Today is the 9th year anniversary of my dad’s death. In a lot of ways, it’s hard to believe, because he died well before his time at age 55. There are a lot of memories I don’t get to share with him, things I often wonder how he would react, what he would think, and generally what he would be doing with his life, likely retired from dairy-farming. I’d imagine he’d be spending a ton of time with his grandkids, my older sister’s little boys…….
I think the hardest thing for me is, I wonder what my dad would be thinking of the life I’m living now. What would he think of my choices, decisions, how I invest my life, my work?
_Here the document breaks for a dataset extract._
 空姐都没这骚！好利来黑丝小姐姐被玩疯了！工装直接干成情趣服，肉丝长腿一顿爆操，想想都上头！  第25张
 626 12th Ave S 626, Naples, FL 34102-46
I think that is what I miss the most, because whenever I would question any of those things about my life, my dad always responded with 5 little words, at just the right time:
I am proud of you.
I know in today’s world, every one says it’s the “three words” that matter (I love you, in case you were wondering). Yet I think in a world where people move in and out of love so easily and so often, where love is just this very fluid thing, I don’t think it holds as much power as these 5 words. Because while love expresses how you may feel about someone in that moment, and it feels good for a bit, saying “I am proud of you” means something entirely more profound:
I am paying attention to you and your life.
I am not ashamed of you.
I am willing to claim you as one of mine.
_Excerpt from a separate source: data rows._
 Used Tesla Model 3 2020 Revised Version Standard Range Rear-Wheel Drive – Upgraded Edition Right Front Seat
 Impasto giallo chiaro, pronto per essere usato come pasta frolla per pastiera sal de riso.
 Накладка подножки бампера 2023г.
I really see goodness and potential in you.
In our shame-based world, a world where we’re compared, in competition, having to perform, needing to succeed and produce……much of what we do often leads to the self view that we’re failures, we’re worthless, and what we do and we ourselves are meaningless. Nothing we do is seen, or matters. I see that with a lot with my wrestlers….and I try to say it to them as much as I can. When I do, I see how it changes them, just as it changed me when my dad said them. I was seen; I was known; and I was not alone. I had worth.
So parents, uncles, aunts, any adult who spends time with kids in their lives:
5 little words….but perhaps the most important ones we can say to them. Words that change lives; words that matter.